The effort to maintain the state's liquor monopoly continues, not only unabated, but arrogantly entitled as well. As Newsday reported yesterday, local liquor stores have begun an intimidation campaign against Long Island wineries: "As liquor-store owners and distributors push hard against a proposal that would allow wine to be sold in grocery and other stores, backers of the plan say intimidation of winery owners has become a tactic in their arsenal...Throughout Long Island's wine region, reports that liquor-store owners have been besieging wineries with phone calls urging support have been widespread. Individual winery owners have been reluctant to label the calls intimidation, but one observer sees it differently."
As the head of the LI Farm Bureau tells the paper: "The liquor-store owners are threatening to not do business with wineries if they say they are neutral on the issue," said Joseph Gergela, executive director of the Long Island Farm Bureau, which supports the wine-in-groceries plan. He said his counterpart at the New York Farm Bureau last week had discussions with state Attorney General Andrew Cuomo's office to charge that liquor-store owners "are going too far with the threatening." The attorney general's office did not return calls."
This is what is known as good old fashion restraint of trade-with a group of separate businesses acting in concert to protect their state controlled market share: "Representatives of local liquor stores either deny or downplay the threats. "As a coalition, we don't talk like that," said Jeff Saunders, who heads the Last Store on Main Street group and owns McCabe's Wine and Spirits in Manhattan. But whether individual stores are telling winery owners they could be dropped if they support the plan is another matter. "We say, 'It's up to you if you want to sell them or not,'" Saunders said. "Understand that emotions are running very high because there's a chance someone's going to take some food from our families' mouths."
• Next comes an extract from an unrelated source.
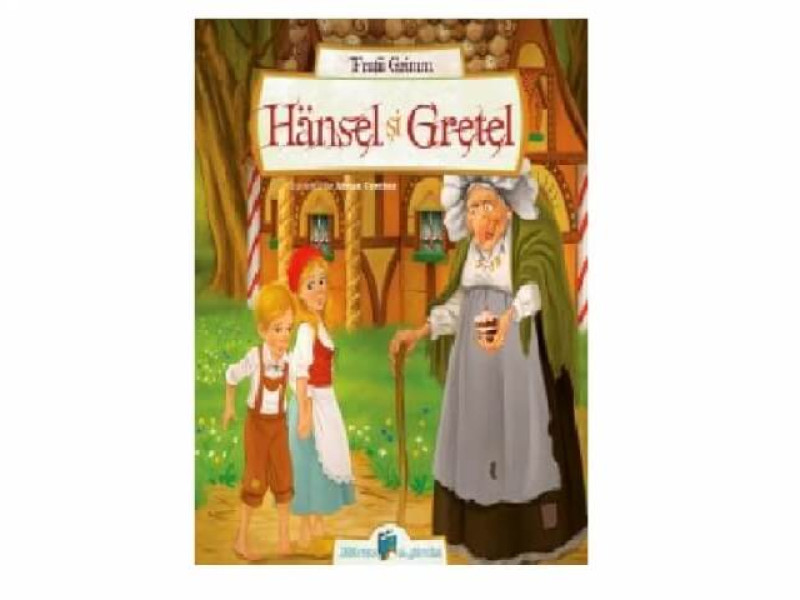 HANSEL SI GRETEL - Fratii Grimm - Fotografie 1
Just because a proposed law may be a threat is no excuse for a disparate group of store owners to threaten other businesses in order to protect a monopoly; but the behavior is part of a pattern. Just try to open up a liquor store in a neighborhood-and watch as exisitng store owners and the SLA conspire to prevent the granting of that new license in the name of a "saturated" market.
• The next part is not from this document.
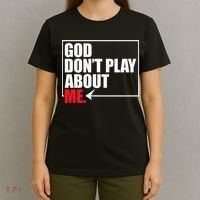 God DonT Play About Me Funny T-Shirt thumb 4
And it is this behavior that the AG should investigate; after all, with only 2500 liquor stores in the entire state, New York ranks 46 out of 48 states in the number of stores per 100,000 (over 21) potential customers. And if the competition threatens some retailers who aren't used to competition, why should anyone give a hoot? Not to worry-these stores will be easily replaced by more enterprising main street retailers.